**Instructions for the task**:
Two lines below mark the span: the one containing "obese female worker" and the one containing "Delta Air Lines". Set down both, plus every line between, exactly as they stand, and nothing else.

**Supplied data**:
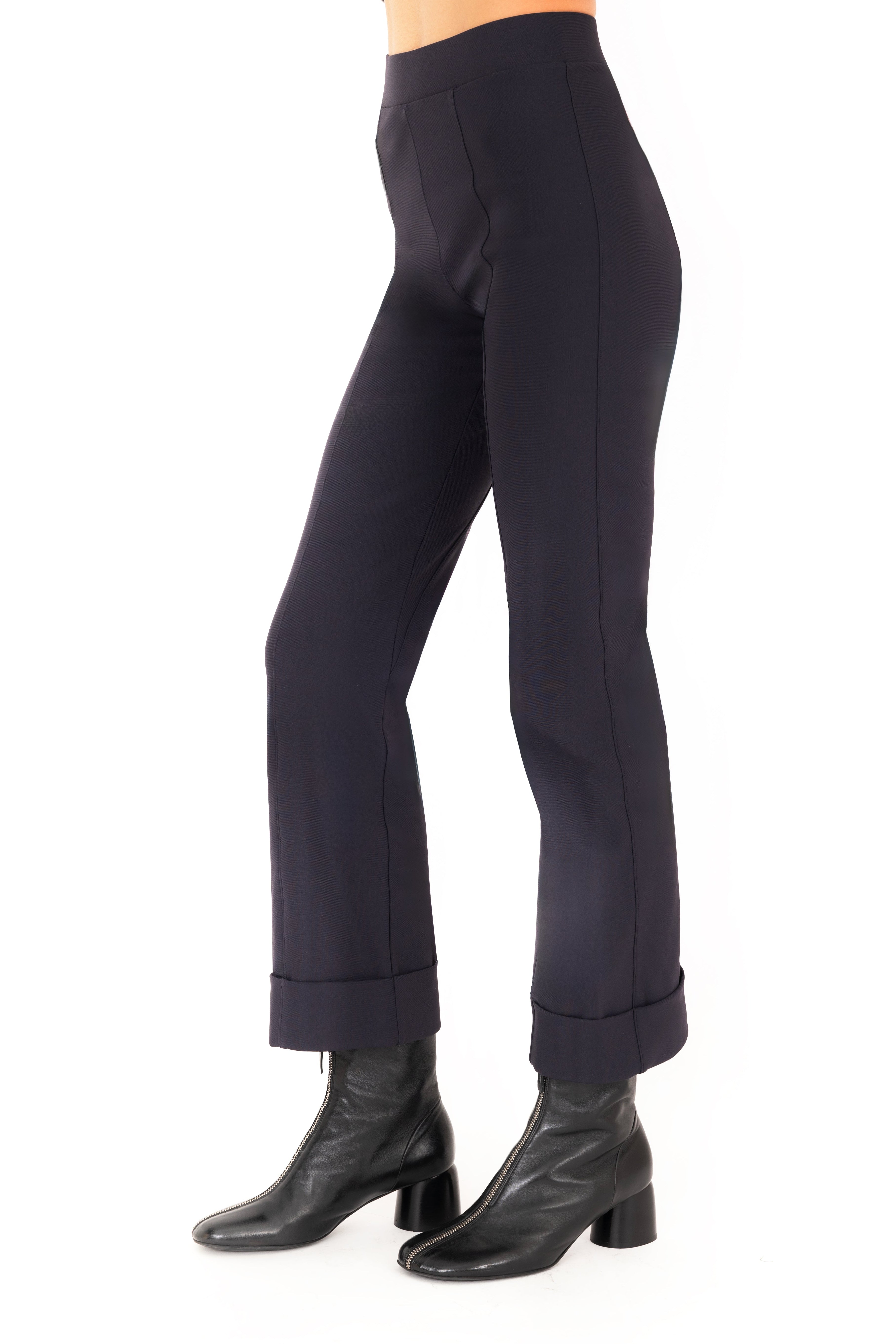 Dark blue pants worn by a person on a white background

---

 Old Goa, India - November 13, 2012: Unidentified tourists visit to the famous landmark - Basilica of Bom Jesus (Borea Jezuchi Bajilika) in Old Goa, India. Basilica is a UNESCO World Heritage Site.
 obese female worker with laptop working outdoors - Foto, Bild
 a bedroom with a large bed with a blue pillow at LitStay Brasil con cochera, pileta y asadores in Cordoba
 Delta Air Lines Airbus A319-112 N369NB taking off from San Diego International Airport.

==

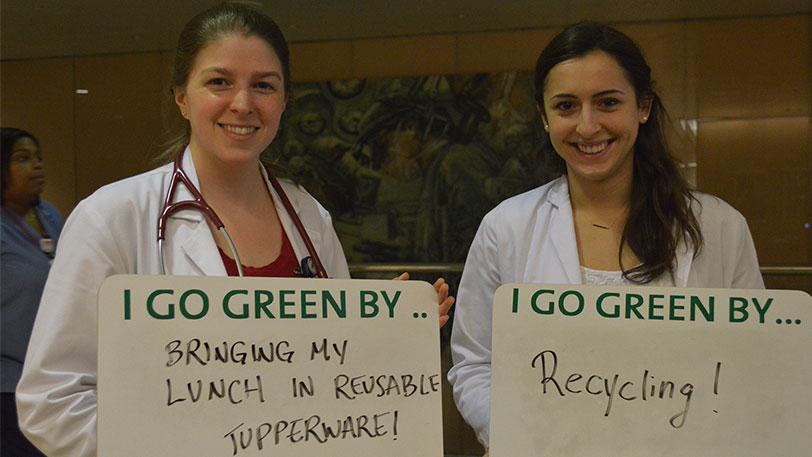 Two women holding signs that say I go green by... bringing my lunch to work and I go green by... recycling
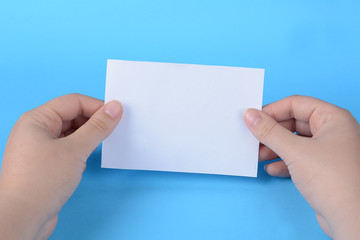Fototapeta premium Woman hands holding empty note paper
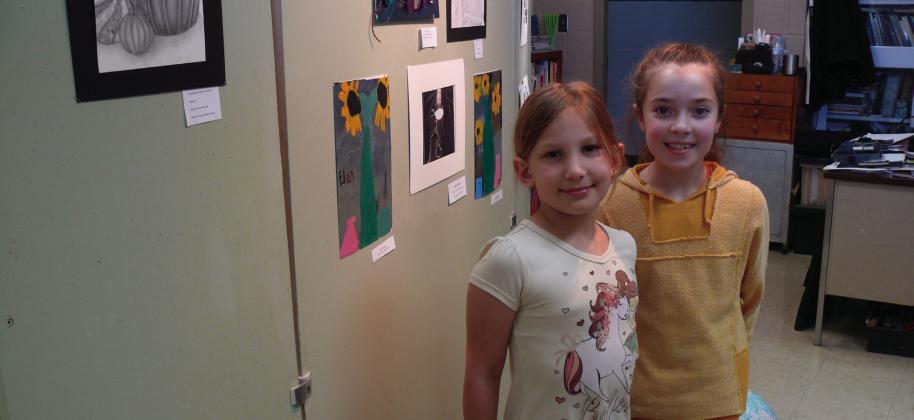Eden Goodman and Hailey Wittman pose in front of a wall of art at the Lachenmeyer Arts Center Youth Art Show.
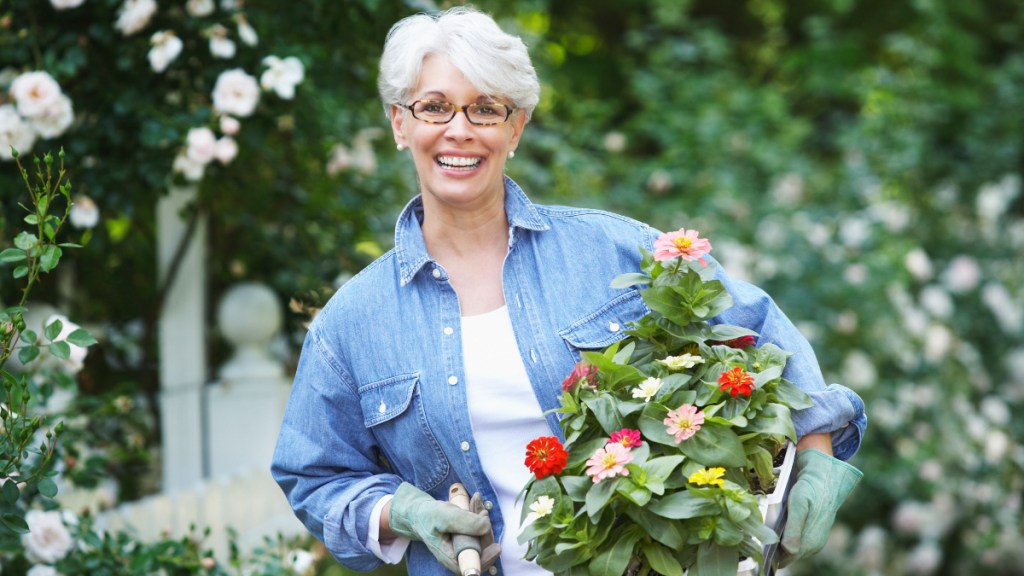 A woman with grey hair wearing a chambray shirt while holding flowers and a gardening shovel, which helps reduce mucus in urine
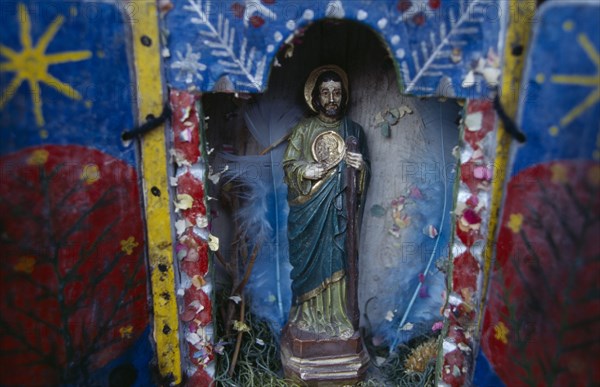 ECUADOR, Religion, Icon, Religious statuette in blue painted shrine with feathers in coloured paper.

**Answer to this exercise**:
 obese female worker with laptop working outdoors - Foto, Bild
 a bedroom with a large bed with a blue pillow at LitStay Brasil con cochera, pileta y asadores in Cordoba
 Delta Air Lines Airbus A319-112 N369NB taking off from San Diego International Airport.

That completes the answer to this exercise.